-- Opening Marker --

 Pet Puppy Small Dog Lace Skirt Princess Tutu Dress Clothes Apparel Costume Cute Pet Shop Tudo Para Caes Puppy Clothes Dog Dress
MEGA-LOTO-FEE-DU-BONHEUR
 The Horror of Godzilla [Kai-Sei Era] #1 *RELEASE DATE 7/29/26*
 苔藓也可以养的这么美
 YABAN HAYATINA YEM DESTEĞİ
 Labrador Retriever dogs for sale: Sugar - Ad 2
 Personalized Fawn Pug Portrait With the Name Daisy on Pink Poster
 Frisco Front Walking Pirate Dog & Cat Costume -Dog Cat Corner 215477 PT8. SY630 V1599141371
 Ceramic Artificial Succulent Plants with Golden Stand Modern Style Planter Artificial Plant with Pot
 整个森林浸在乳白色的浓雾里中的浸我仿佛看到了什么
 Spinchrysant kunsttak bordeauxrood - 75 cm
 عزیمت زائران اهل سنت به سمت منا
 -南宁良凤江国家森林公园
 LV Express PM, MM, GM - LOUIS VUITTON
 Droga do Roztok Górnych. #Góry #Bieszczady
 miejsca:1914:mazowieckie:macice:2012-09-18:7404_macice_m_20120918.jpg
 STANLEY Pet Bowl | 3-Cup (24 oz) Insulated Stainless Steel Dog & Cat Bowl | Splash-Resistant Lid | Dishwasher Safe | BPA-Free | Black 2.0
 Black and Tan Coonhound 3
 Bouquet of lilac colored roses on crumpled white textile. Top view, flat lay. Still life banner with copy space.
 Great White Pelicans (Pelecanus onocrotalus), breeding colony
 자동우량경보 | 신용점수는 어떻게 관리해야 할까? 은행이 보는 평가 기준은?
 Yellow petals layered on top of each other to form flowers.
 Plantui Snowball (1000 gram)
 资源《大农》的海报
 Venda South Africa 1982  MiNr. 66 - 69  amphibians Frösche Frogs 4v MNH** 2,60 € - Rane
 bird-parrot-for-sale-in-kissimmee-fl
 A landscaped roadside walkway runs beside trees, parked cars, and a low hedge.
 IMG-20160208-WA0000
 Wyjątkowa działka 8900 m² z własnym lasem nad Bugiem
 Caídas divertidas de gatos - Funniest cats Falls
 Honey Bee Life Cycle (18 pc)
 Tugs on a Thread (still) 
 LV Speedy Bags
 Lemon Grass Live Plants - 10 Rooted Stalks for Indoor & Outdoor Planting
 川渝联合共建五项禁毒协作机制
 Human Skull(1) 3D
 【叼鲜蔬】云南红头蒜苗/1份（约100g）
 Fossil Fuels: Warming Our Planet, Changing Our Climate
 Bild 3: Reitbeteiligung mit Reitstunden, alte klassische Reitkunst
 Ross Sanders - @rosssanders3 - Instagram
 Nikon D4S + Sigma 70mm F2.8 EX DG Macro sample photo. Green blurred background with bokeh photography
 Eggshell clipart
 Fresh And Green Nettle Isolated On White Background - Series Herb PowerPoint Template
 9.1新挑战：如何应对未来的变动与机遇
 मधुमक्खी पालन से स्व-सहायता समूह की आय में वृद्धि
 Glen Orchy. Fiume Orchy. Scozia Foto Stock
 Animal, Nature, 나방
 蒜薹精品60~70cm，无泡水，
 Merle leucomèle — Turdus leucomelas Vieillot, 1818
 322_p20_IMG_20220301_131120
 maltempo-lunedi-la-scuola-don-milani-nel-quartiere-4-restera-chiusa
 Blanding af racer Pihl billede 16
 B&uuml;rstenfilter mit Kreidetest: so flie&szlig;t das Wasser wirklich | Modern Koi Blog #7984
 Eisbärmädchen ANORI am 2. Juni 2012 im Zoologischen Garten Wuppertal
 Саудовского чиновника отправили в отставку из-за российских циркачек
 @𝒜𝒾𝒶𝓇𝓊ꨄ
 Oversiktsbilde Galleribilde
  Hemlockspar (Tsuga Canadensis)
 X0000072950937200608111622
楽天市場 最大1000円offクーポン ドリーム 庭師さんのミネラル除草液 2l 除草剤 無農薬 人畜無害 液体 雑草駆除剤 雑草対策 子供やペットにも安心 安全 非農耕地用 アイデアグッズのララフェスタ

-- Closing Marker --

§ YOUR TASK
In the records above, the line with "Glen Orchy. Fiume Orchy. Scozia Foto Stock" marks the start and the line with "B&uuml;rstenfilter mit Kreidetest: so" marks the end; copy that stretch exactly, both lines included, and nothing else.

§ YOUR RESPONSE
 Glen Orchy. Fiume Orchy. Scozia Foto Stock
 Animal, Nature, 나방
 蒜薹精品60~70cm，无泡水，
 Merle leucomèle — Turdus leucomelas Vieillot, 1818
 322_p20_IMG_20220301_131120
 maltempo-lunedi-la-scuola-don-milani-nel-quartiere-4-restera-chiusa
 Blanding af racer Pihl billede 16
 B&uuml;rstenfilter mit Kreidetest: so flie&szlig;t das Wasser wirklich | Modern Koi Blog #7984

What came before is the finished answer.